Posted by JamesRigoberto@reddit | ExperiencedDevs | View on Reddit | 37 comments
TLDR; how do teams which focus on maintenance plan and manage their wor
We have one core product which has transitioned to maintenance. About two thirds of our tasks are maintenance related to this core product, be it for production or other environments. There is still some development going on for this core product and other internal an small applications. However, management and product teams still plan as if development is our main focus. We follow scrum framework. Maintenance is mostly done ad hoc. The team knows that we will have a lot of requests but those are usually tackled by volunteers. This creates chaos and we are having a hard time getting away for the maintenance work load. It seems to keep increasing.
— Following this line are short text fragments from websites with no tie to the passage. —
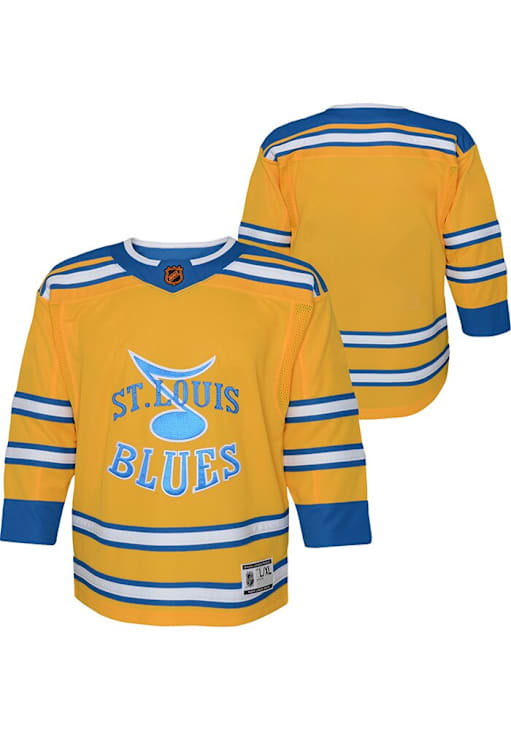 St Louis Blues Youth YELLOW Reverse Retro Premier Hockey Jersey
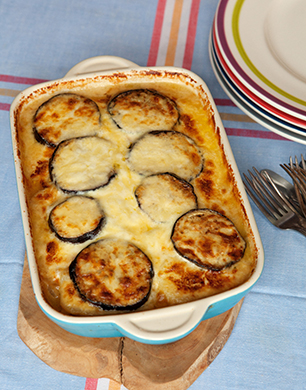 Moussaka with Potatoes and Aubergine Post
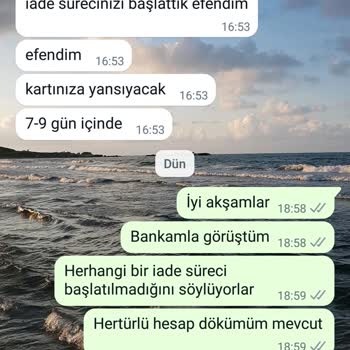 Deep Atelier Para İadesi Yapılmıyor.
Our goal would be to be relieved from most of the maintenance and go back to development but until we get there, we need to improve our planning and structure. How do you manage such work?
titpetric@reddit
Some devs thrive in maintenance and upkeep, also covering missing architecture docs, testing and other things which may have been ad hoc.
With scrum, if the focus is still on development and other stuff, designate a maintainer, and designate a cohort, and eject them from scrum.
Track the effort with kanban, after a reasonable discovery/planning session. The point is to action the bulk of the work and let the maintainer prioritize the issues, or just pick out of a bag and work towards inbox zero. With time needed work decreases and they can rejoin scrum or move to other projects.
Give people that care the bag and just track the ticket status for the effort; good planning makes the bulk of the work known beforehand, just like any kind of development. SCRUM should die tho.
JamesRigoberto@reddit (OP)
What do you use instead of agile?
It is not in my power to replace agile. I see the benefits of it, specially for our product since we have been a small start up until the last few months. Nowadays although development power is the same, the user base has increased a lot. And I have been wondering if it makes sense to leave agile in favor of other methods.
Unfortunately I don't have experience with any other methods and I don't have a background in management.
titpetric@reddit
Self organizing within a team is a power move, so basically it's Kanban. You wouldn't believe how far a google sheets doc goes 🤣 a notable public example is the guy who has gumroad, where he just publishes a new todo list for each quarter and lets people do the work without micromanaging, or even just managing I suppose. High trust orgs are a good place to be.
Usually I start with a design doc similar to a proposal/tender, listing all the things that I feel need doing, which usually ends up being 3-5 concerns, with goals and deliverables, and then it's up to planning individual work tasks and executing in a set order. I either log work done or break down work needed to be done onto a kanban board, then we adjust every two weeks.
The goal is inbox zero for everything, not week to week or sprint to sprint. Work may get refined as we go, which is superior to scrum refinements, where you may pick up a ticket which has been refined months or even years ahead of the work.
I tend to reference a mark rendel talk when it comes to "enterprise" software, he beautifully explains how subordinated agile is in that whole process. There are other arguments like scrum drives devs to burnout, and I tentatively propose if you have ownership/autonomy, the chances of burnout decrease substantially.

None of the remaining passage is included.